On the other hand, sophisticated investors are rapidly losing interest in pitches that are based on the same premise advanced by dot-com busters–the one that suggested “if we get enough users, we’ll be profitable!” Yes, because these business models were based on advertising sales. Yes, it’s worked beautifully for Alphabet Inc, FaceBook, YouTube and a select universe of others. Yes, you can also go to the dot-com graveyard and locate the thousands of others who never got enough users, or never got advertisers to pay those sites to install a click-able link. In the Software as a Service (SaaS) model, people pay for using a software application on a subscription basis. In the utility token construct, payment to use the software application and who receives those payments is often complex–but investors in the token are generally not sharing in that revenue. They can only look to a return on their investment if a whole bunch of people are using it and if a whole bunch of people are using it, they will need to procure more tokens for continued usage. If there are a limited number of tokens available for using the application, the value of the token will therefore increase. Not to suggest the ‘pay-to-play’ model is bad (its actually a good one), the rubber meets the road at the point where users don’t want or don’t need to play with your token–because nobody else cares to play with it.
The Securities Act of 1933 (the Securities Act) and the Securities Exchange Act of 1934 (the Exchange Act), defines a security within the context of whether what is being sold includes an investment contract.
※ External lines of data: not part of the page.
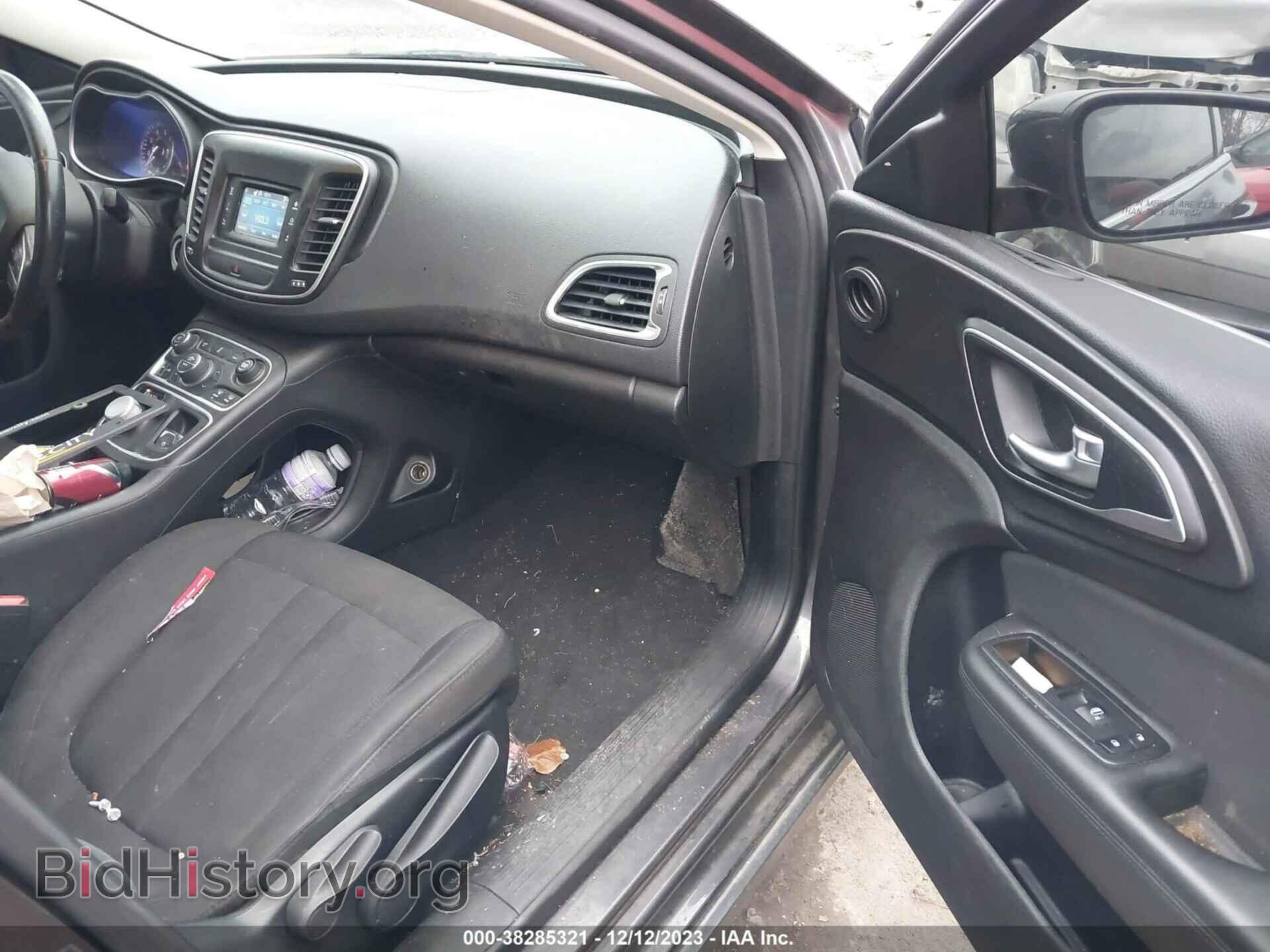 2015 CHRYSLER 200 - VIN: 1C3CCCAB3FN655761 - Photo 5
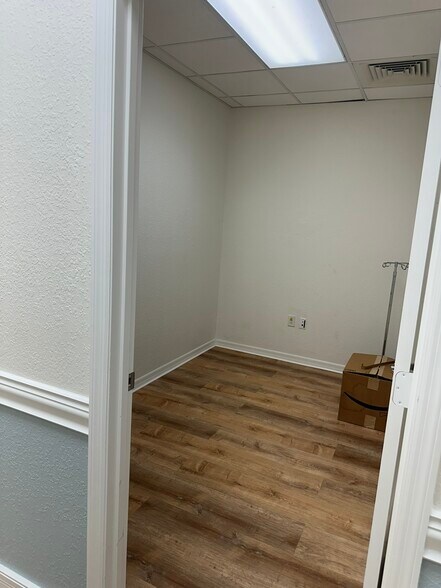 More Photos Of 2841 Tamiami Trl, Port Charlotte Medical For Sale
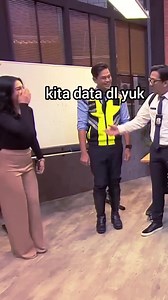 1.5M views · 10K reactions | Fluffing a Duck Kevin MacLeod (incompetech.com) Licensed under Creative Commons: By Attribution 3.0 License - Music promoted by - #LapokPakReels #storylaporpak #LaporPak #laporpakreels #ayutingting #suryainsomnia #storylaporpak | Story Lapor Pak | Facebook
Supreme Court decisions dating back to SEC v. W. J. Howey, 328 US 293 (1946), define an investment contract as “an investment of money in a common enterprise premised on a reasonable expectation of profits to be derived from the entrepreneurial or managerial efforts of others.” According to the US Securities and Exchange Commission, the Howey test is often applied to determine whether a blockchain digital token sale is a securities offering.
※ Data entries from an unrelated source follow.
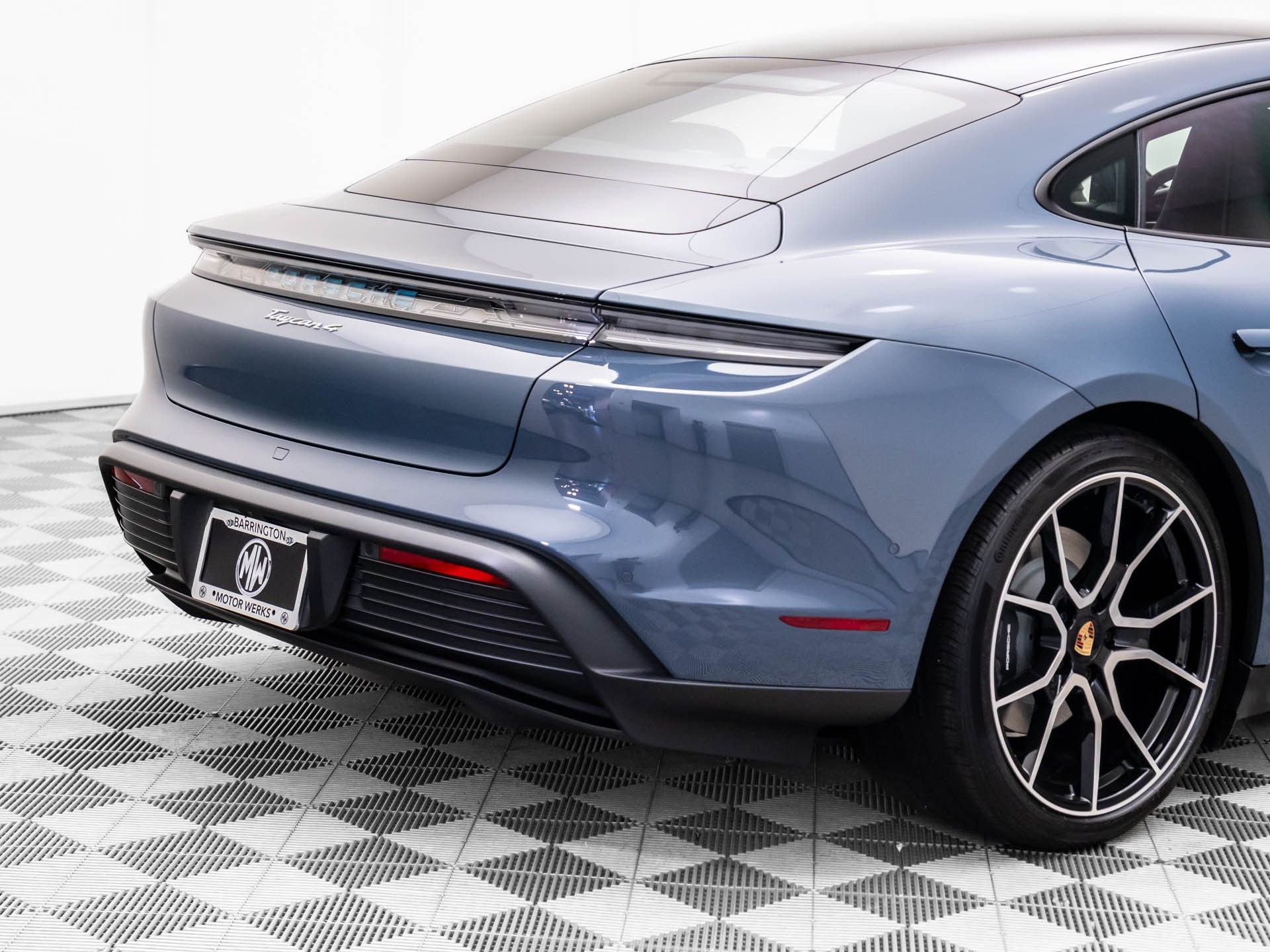 2026 Porsche Taycan 4 photo 30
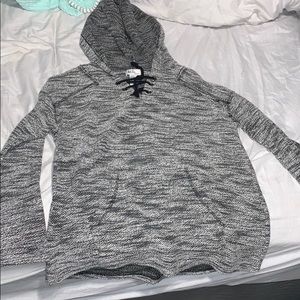 GRAY/BLACK SWEATER SHIRT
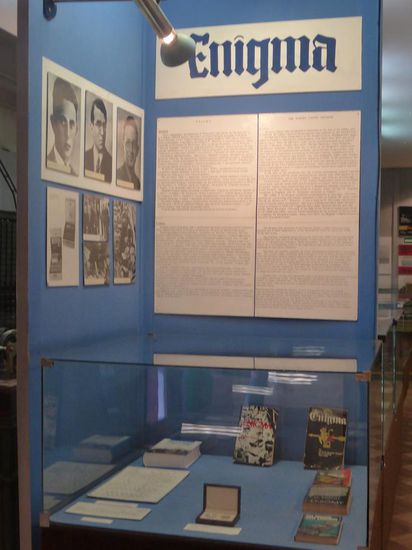 die Dechriffriermaschine Enigma ist jedoch nicht da, sondern zur Reparatur 'aushäusig' - der Schaukasten ist einfach leer. Erst Nachfragen gibt Aufschluß!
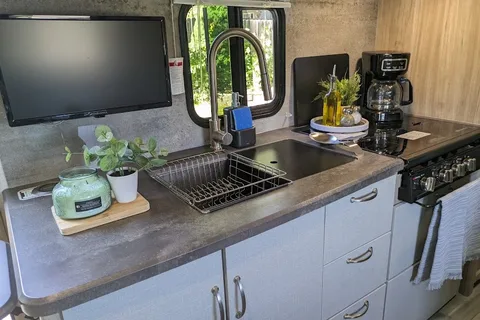 Ready for 2026 - Spacious Yet Compact: 2022 Winnebago - Fits 6, Tows Easy!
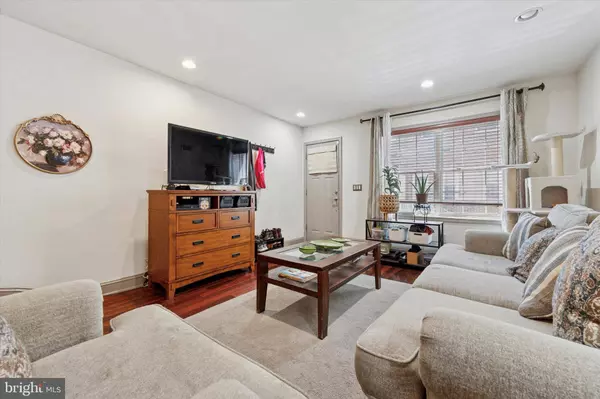 2423 S BANCROFT ST, Philadelphia, PA 19145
Barring an applicable exemption, Section 5(a) of the Securities Act prohibits the sale of securities in interstate commerce unless a registration statement containing the required disclosure has been filed with the SEC and become effective. Thanks to the surge of ICOs it should be no surprise this activity has been accompanied by regulatory scrutiny over whether ICOs constitute securities offerings, and must therefore comply with federal securities registration requirements or be exempt therefrom. For example, in June 2018, the SEC created a new advisory position to coordinate efforts across all SEC Divisions and Offices regarding the application of US securities laws to emerging digital asset technologies and innovations, including initial coin offerings and cryptocurrencies.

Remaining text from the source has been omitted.